▸ Provided records:
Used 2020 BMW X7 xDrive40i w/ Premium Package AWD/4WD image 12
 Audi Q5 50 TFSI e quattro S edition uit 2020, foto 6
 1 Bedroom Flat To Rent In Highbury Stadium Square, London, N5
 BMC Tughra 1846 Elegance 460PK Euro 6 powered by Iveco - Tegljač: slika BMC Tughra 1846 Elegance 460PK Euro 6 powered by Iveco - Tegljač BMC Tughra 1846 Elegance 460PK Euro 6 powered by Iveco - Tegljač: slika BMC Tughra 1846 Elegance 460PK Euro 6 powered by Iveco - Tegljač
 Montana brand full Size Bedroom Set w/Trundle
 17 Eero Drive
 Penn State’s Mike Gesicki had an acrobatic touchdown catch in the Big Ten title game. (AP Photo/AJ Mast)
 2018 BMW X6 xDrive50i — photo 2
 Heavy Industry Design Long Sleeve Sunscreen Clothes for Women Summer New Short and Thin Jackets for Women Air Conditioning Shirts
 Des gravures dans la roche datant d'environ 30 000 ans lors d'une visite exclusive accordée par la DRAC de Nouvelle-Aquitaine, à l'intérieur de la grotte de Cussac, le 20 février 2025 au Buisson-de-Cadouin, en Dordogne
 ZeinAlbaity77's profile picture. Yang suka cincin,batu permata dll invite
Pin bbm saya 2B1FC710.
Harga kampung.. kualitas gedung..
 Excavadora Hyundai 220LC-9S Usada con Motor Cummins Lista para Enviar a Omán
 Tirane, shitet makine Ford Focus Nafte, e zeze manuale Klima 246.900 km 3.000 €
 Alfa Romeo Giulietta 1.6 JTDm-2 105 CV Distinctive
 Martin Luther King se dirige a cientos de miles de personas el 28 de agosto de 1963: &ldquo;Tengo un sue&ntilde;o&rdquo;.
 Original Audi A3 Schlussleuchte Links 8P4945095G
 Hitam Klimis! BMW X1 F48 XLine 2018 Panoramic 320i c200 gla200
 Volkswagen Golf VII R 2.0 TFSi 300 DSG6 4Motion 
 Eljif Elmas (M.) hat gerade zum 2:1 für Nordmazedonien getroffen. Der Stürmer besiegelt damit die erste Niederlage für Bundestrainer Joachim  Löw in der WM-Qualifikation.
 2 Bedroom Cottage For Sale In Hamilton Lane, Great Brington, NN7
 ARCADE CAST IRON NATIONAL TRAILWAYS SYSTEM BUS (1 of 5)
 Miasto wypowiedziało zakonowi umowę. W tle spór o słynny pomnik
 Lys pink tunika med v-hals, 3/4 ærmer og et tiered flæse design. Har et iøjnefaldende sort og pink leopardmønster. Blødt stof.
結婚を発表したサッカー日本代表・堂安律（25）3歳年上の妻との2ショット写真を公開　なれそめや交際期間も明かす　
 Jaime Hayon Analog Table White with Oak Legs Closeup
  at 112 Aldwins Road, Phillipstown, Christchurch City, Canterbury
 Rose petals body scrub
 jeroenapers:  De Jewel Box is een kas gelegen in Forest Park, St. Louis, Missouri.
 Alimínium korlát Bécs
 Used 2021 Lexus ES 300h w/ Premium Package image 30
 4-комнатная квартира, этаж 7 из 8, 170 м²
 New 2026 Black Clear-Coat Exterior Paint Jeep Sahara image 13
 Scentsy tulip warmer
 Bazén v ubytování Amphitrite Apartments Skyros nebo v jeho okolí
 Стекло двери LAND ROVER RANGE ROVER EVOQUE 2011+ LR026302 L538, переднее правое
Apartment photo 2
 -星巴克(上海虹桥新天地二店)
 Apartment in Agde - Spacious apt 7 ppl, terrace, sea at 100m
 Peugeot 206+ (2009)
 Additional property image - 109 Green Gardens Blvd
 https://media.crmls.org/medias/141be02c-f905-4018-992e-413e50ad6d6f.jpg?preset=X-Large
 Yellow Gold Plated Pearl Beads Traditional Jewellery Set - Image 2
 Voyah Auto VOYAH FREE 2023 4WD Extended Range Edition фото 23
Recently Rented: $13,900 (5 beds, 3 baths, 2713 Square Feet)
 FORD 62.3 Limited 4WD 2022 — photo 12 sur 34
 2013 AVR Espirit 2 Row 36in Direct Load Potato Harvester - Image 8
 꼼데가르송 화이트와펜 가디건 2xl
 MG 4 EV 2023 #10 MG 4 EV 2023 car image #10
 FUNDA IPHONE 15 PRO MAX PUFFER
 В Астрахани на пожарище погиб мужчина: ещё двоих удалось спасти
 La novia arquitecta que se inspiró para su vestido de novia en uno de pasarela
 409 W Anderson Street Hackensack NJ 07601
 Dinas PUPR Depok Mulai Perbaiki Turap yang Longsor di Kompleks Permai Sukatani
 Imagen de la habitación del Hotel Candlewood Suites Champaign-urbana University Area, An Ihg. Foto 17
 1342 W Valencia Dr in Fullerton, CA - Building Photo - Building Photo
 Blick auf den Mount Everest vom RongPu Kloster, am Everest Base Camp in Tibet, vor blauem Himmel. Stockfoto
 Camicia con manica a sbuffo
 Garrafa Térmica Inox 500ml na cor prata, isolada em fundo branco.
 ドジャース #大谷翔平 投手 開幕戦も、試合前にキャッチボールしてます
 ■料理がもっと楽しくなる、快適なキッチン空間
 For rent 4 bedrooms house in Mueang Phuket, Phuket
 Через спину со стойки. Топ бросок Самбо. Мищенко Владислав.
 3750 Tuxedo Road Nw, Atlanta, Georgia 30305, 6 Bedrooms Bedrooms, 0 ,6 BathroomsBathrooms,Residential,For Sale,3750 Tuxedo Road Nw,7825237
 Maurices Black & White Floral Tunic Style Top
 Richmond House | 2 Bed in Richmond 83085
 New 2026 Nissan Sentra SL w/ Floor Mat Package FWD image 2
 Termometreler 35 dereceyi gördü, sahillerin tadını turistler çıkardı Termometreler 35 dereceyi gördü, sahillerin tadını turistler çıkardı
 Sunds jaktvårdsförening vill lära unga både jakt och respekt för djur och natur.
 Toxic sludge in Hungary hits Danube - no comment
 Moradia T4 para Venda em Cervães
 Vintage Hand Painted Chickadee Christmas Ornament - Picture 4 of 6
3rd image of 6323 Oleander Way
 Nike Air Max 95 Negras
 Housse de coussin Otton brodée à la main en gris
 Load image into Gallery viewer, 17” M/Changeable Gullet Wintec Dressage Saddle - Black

▸ Directions for this task: Your task is to retype the whole listing, keeping every word exactly as it is.

▸ Written response:
Used 2020 BMW X7 xDrive40i w/ Premium Package AWD/4WD image 12
 Audi Q5 50 TFSI e quattro S edition uit 2020, foto 6
 1 Bedroom Flat To Rent In Highbury Stadium Square, London, N5
 BMC Tughra 1846 Elegance 460PK Euro 6 powered by Iveco - Tegljač: slika BMC Tughra 1846 Elegance 460PK Euro 6 powered by Iveco - Tegljač BMC Tughra 1846 Elegance 460PK Euro 6 powered by Iveco - Tegljač: slika BMC Tughra 1846 Elegance 460PK Euro 6 powered by Iveco - Tegljač
 Montana brand full Size Bedroom Set w/Trundle
 17 Eero Drive
 Penn State’s Mike Gesicki had an acrobatic touchdown catch in the Big Ten title game. (AP Photo/AJ Mast)
 2018 BMW X6 xDrive50i — photo 2
 Heavy Industry Design Long Sleeve Sunscreen Clothes for Women Summer New Short and Thin Jackets for Women Air Conditioning Shirts
 Des gravures dans la roche datant d'environ 30 000 ans lors d'une visite exclusive accordée par la DRAC de Nouvelle-Aquitaine, à l'intérieur de la grotte de Cussac, le 20 février 2025 au Buisson-de-Cadouin, en Dordogne
 ZeinAlbaity77's profile picture. Yang suka cincin,batu permata dll invite
Pin bbm saya 2B1FC710.
Harga kampung.. kualitas gedung..
 Excavadora Hyundai 220LC-9S Usada con Motor Cummins Lista para Enviar a Omán
 Tirane, shitet makine Ford Focus Nafte, e zeze manuale Klima 246.900 km 3.000 €
 Alfa Romeo Giulietta 1.6 JTDm-2 105 CV Distinctive
 Martin Luther King se dirige a cientos de miles de personas el 28 de agosto de 1963: &ldquo;Tengo un sue&ntilde;o&rdquo;.
 Original Audi A3 Schlussleuchte Links 8P4945095G
 Hitam Klimis! BMW X1 F48 XLine 2018 Panoramic 320i c200 gla200
 Volkswagen Golf VII R 2.0 TFSi 300 DSG6 4Motion 
 Eljif Elmas (M.) hat gerade zum 2:1 für Nordmazedonien getroffen. Der Stürmer besiegelt damit die erste Niederlage für Bundestrainer Joachim  Löw in der WM-Qualifikation.
 2 Bedroom Cottage For Sale In Hamilton Lane, Great Brington, NN7
 ARCADE CAST IRON NATIONAL TRAILWAYS SYSTEM BUS (1 of 5)
 Miasto wypowiedziało zakonowi umowę. W tle spór o słynny pomnik
 Lys pink tunika med v-hals, 3/4 ærmer og et tiered flæse design. Har et iøjnefaldende sort og pink leopardmønster. Blødt stof.
結婚を発表したサッカー日本代表・堂安律（25）3歳年上の妻との2ショット写真を公開　なれそめや交際期間も明かす　
 Jaime Hayon Analog Table White with Oak Legs Closeup
  at 112 Aldwins Road, Phillipstown, Christchurch City, Canterbury
 Rose petals body scrub
 jeroenapers:  De Jewel Box is een kas gelegen in Forest Park, St. Louis, Missouri.
 Alimínium korlát Bécs
 Used 2021 Lexus ES 300h w/ Premium Package image 30
 4-комнатная квартира, этаж 7 из 8, 170 м²
 New 2026 Black Clear-Coat Exterior Paint Jeep Sahara image 13
 Scentsy tulip warmer
 Bazén v ubytování Amphitrite Apartments Skyros nebo v jeho okolí
 Стекло двери LAND ROVER RANGE ROVER EVOQUE 2011+ LR026302 L538, переднее правое
Apartment photo 2
 -星巴克(上海虹桥新天地二店)
 Apartment in Agde - Spacious apt 7 ppl, terrace, sea at 100m
 Peugeot 206+ (2009)
 Additional property image - 109 Green Gardens Blvd
 https://media.crmls.org/medias/141be02c-f905-4018-992e-413e50ad6d6f.jpg?preset=X-Large
 Yellow Gold Plated Pearl Beads Traditional Jewellery Set - Image 2
 Voyah Auto VOYAH FREE 2023 4WD Extended Range Edition фото 23
Recently Rented: $13,900 (5 beds, 3 baths, 2713 Square Feet)
 FORD 62.3 Limited 4WD 2022 — photo 12 sur 34
 2013 AVR Espirit 2 Row 36in Direct Load Potato Harvester - Image 8
 꼼데가르송 화이트와펜 가디건 2xl
 MG 4 EV 2023 #10 MG 4 EV 2023 car image #10
 FUNDA IPHONE 15 PRO MAX PUFFER
 В Астрахани на пожарище погиб мужчина: ещё двоих удалось спасти
 La novia arquitecta que se inspiró para su vestido de novia en uno de pasarela
 409 W Anderson Street Hackensack NJ 07601
 Dinas PUPR Depok Mulai Perbaiki Turap yang Longsor di Kompleks Permai Sukatani
 Imagen de la habitación del Hotel Candlewood Suites Champaign-urbana University Area, An Ihg. Foto 17
 1342 W Valencia Dr in Fullerton, CA - Building Photo - Building Photo
 Blick auf den Mount Everest vom RongPu Kloster, am Everest Base Camp in Tibet, vor blauem Himmel. Stockfoto
 Camicia con manica a sbuffo
 Garrafa Térmica Inox 500ml na cor prata, isolada em fundo branco.
 ドジャース #大谷翔平 投手 開幕戦も、試合前にキャッチボールしてます
 ■料理がもっと楽しくなる、快適なキッチン空間
 For rent 4 bedrooms house in Mueang Phuket, Phuket
 Через спину со стойки. Топ бросок Самбо. Мищенко Владислав.
 3750 Tuxedo Road Nw, Atlanta, Georgia 30305, 6 Bedrooms Bedrooms, 0 ,6 BathroomsBathrooms,Residential,For Sale,3750 Tuxedo Road Nw,7825237
 Maurices Black & White Floral Tunic Style Top
 Richmond House | 2 Bed in Richmond 83085
 New 2026 Nissan Sentra SL w/ Floor Mat Package FWD image 2
 Termometreler 35 dereceyi gördü, sahillerin tadını turistler çıkardı Termometreler 35 dereceyi gördü, sahillerin tadını turistler çıkardı
 Sunds jaktvårdsförening vill lära unga både jakt och respekt för djur och natur.
 Toxic sludge in Hungary hits Danube - no comment
 Moradia T4 para Venda em Cervães
 Vintage Hand Painted Chickadee Christmas Ornament - Picture 4 of 6
3rd image of 6323 Oleander Way
 Nike Air Max 95 Negras
 Housse de coussin Otton brodée à la main en gris
 Load image into Gallery viewer, 17” M/Changeable Gullet Wintec Dressage Saddle - Black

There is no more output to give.